● **TASK DESCRIPTION**
Could the data below be printed out exactly, with the pictures left out?

● **DATA SECTION**
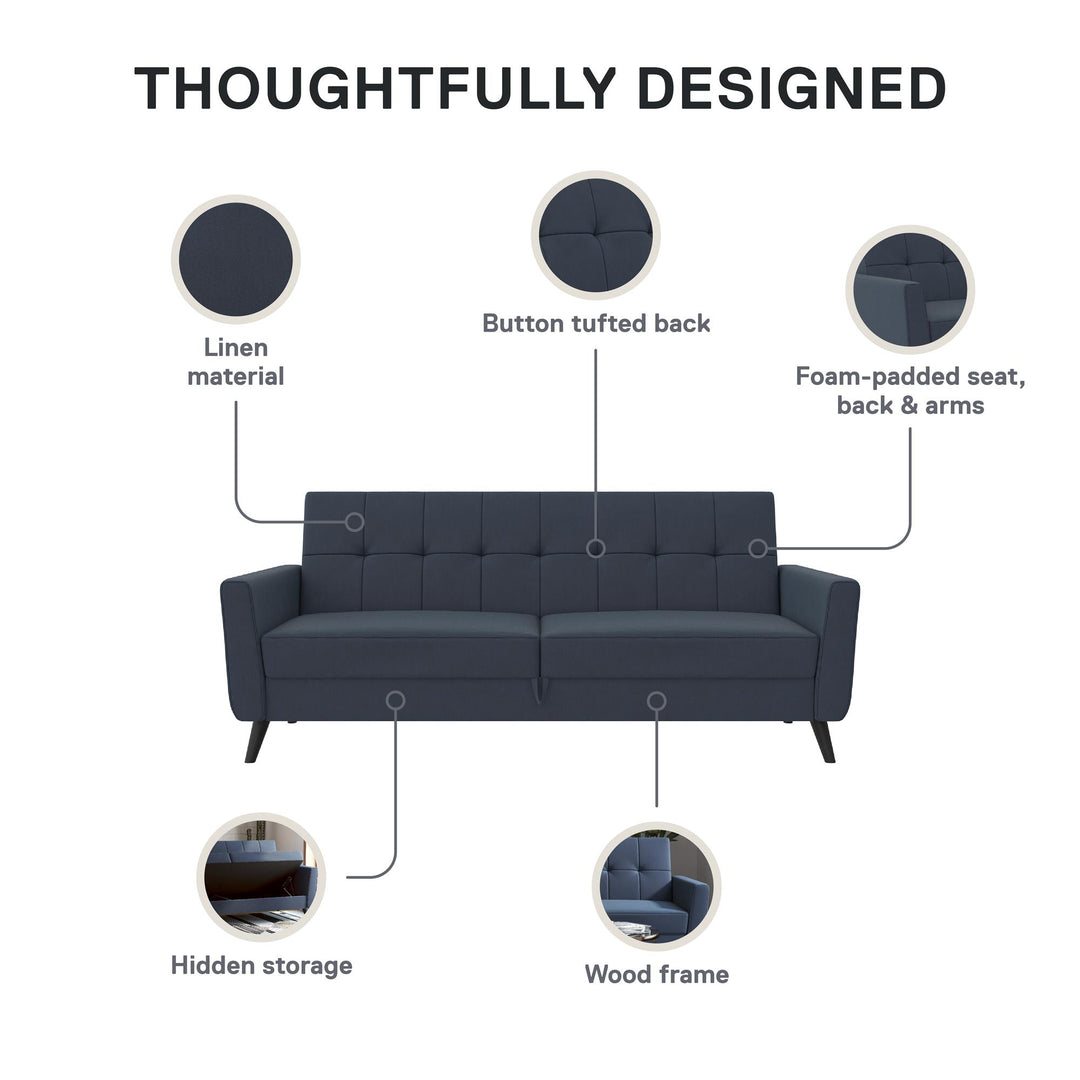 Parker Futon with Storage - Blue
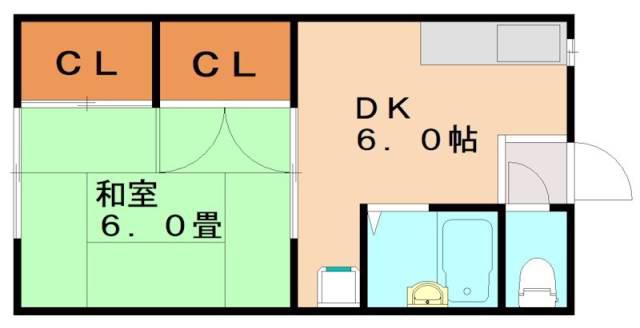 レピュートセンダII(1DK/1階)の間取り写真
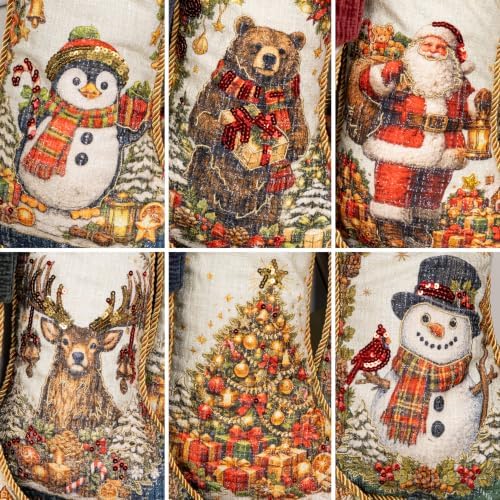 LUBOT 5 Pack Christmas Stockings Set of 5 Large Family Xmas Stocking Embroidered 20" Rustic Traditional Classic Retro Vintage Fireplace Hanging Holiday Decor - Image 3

● **OUTPUT BELOW**
 Parker Futon with Storage - Blue
 レピュートセンダII(1DK/1階)の間取り写真
 LUBOT 5 Pack Christmas Stockings Set of 5 Large Family Xmas Stocking Embroidered 20" Rustic Traditional Classic Retro Vintage Fireplace Hanging Holiday Decor - Image 3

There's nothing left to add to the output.